David Becker has done yeoman work validating Richard Lynn’s datasets to produce the world’s most comprehensive national IQ database. Sole purpose of this post is to make the core data available in easy to access HTML format, as it only currently seems to be available as a zipped Excel file on Becker’s website. So consider this a reference post.

大衛·貝克對理查德·林恩的數據集進行了詳細驗證,從而建立了世界上最全面的國家智商數據庫。這篇文章的唯一目的是將核心數據以易于訪問的HTML格式呈現,因為目前在貝克爾的網站上似乎只有一個壓縮的Excel文件可用。這篇文章僅供參考。

Latest versions are available at the National IQ dataset page on Becker’s blog, with the current version 1.3.3 dating from June 2019.

最新的版本可以在貝克爾博客上的國家智商數據集頁面上找到,目前是2019年6月的1.3.3版。

sexting the five most interesting collections of estimates, a brief explanation of each one, by column:

本文選出五組最有趣的數據,下面對每組進行簡要說明:

NIQ – national IQ, in this case, the average of QNW and SAS (see below); the national IQ of countries without data are estimated as the mean of their neighboring countries. This is probably the single best estimate we have. According to Becker: “QNW+SAS is the best, since it combines weighted estimates of psychometric intelligence measurement with results from international school assessment studies. Therefore, it is a kind of self-validation within this variable.“

NIQ——國民智商分數,在這里指的是QNW和SAS的平均值(見下文);沒有國民智商數據的國家會根據其鄰國數值取平均值。這可能是我們掌握的最好的估計方法。貝克認為:“QNW+SAS是最好的,因為它結合了心理智力測量的加權估計和國際學校評估研究的結果。因此,這個數據是變量中的自我驗證?!?

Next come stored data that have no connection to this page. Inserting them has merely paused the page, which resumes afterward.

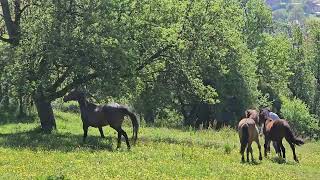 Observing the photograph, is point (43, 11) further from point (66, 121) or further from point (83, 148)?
point (66, 121)

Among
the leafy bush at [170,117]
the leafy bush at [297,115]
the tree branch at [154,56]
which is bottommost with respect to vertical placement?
the leafy bush at [297,115]

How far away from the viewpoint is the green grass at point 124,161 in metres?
17.1

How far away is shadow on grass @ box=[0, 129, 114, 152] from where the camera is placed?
76.5ft

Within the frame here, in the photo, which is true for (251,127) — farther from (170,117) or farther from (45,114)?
(170,117)

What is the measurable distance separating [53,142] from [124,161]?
6503 mm

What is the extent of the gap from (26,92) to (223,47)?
15.0 metres

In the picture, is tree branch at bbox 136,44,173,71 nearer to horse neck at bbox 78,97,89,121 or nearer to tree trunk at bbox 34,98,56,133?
horse neck at bbox 78,97,89,121

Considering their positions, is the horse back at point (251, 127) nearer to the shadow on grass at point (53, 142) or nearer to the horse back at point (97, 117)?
the shadow on grass at point (53, 142)

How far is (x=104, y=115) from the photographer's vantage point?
25.5 meters

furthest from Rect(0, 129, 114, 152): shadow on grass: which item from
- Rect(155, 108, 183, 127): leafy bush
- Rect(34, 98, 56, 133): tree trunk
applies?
Rect(155, 108, 183, 127): leafy bush

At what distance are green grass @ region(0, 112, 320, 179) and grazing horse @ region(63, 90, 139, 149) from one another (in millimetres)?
991

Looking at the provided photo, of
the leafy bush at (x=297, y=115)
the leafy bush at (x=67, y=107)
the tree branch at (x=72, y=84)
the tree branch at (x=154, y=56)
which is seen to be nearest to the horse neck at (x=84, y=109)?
the tree branch at (x=72, y=84)

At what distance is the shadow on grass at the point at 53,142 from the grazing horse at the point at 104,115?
2.94 feet

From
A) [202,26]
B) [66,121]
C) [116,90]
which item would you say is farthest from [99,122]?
[66,121] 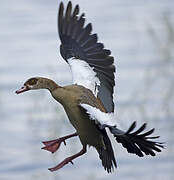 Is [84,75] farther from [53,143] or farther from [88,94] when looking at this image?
[53,143]

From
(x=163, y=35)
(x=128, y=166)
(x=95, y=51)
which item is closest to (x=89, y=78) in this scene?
(x=95, y=51)

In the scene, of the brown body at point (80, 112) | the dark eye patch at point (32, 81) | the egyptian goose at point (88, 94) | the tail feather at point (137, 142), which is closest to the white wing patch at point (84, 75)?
the egyptian goose at point (88, 94)

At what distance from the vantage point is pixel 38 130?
1328 centimetres

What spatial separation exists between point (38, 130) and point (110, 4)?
6432mm

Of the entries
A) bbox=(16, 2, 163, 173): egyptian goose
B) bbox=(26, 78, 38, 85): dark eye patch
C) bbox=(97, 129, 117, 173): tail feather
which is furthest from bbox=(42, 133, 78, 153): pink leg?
bbox=(26, 78, 38, 85): dark eye patch

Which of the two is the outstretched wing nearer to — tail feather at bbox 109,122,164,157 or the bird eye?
the bird eye

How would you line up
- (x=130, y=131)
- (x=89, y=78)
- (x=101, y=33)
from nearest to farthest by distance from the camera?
(x=130, y=131) < (x=89, y=78) < (x=101, y=33)

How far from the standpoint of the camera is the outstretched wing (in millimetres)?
8977

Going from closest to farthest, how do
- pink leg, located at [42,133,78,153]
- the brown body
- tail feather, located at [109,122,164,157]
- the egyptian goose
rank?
tail feather, located at [109,122,164,157] → the egyptian goose → the brown body → pink leg, located at [42,133,78,153]

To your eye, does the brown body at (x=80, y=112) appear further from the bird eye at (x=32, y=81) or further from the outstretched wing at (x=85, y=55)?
the outstretched wing at (x=85, y=55)

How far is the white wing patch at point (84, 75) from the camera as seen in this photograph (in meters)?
8.87

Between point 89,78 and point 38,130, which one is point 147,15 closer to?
point 38,130

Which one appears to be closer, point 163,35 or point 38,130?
point 38,130

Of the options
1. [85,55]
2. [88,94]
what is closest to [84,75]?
[85,55] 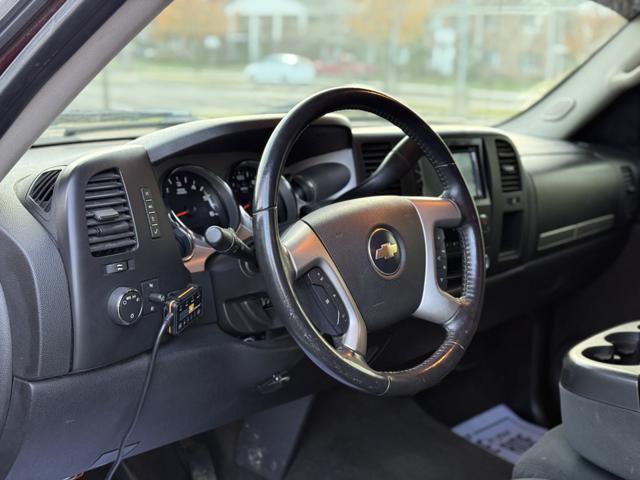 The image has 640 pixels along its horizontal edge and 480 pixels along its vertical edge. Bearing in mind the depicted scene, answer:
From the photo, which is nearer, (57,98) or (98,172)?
(57,98)

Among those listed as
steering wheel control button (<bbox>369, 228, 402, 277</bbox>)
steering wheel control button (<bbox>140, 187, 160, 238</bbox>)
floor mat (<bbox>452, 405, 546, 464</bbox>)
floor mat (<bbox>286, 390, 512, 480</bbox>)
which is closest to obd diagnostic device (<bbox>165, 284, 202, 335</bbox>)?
steering wheel control button (<bbox>140, 187, 160, 238</bbox>)

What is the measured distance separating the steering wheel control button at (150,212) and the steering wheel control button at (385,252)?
0.42 meters

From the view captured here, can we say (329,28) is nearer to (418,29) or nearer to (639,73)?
(418,29)

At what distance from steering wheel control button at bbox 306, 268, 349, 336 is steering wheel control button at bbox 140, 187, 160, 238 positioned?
0.35 metres

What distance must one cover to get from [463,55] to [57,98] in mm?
3860

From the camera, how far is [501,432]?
2.88 m

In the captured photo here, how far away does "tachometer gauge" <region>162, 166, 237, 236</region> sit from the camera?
1729mm

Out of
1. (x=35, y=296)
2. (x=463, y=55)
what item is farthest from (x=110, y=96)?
(x=463, y=55)

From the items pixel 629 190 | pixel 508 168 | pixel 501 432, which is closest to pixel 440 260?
pixel 508 168

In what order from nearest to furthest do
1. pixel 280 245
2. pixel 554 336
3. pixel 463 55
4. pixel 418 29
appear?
1. pixel 280 245
2. pixel 554 336
3. pixel 463 55
4. pixel 418 29

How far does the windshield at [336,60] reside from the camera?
2.14m

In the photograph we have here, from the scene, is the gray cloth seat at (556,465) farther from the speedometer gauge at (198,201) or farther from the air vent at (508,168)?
the air vent at (508,168)

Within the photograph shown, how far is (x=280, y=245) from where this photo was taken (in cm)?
133

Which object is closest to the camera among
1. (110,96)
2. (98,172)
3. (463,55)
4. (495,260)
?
(98,172)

QNW – last major analysis of David Becker, based on 683 IQ tests from around the world, adjusted for both quality and sample size.

QNW——質量和數量加權的平均國民智商分數,大衛·貝克的最新主要分析,以全球683項智商測試為基礎,根據測試質量和樣本大小進行調整。

SAS – standardized assessment scores (PISA, TIMSS, PIRLS)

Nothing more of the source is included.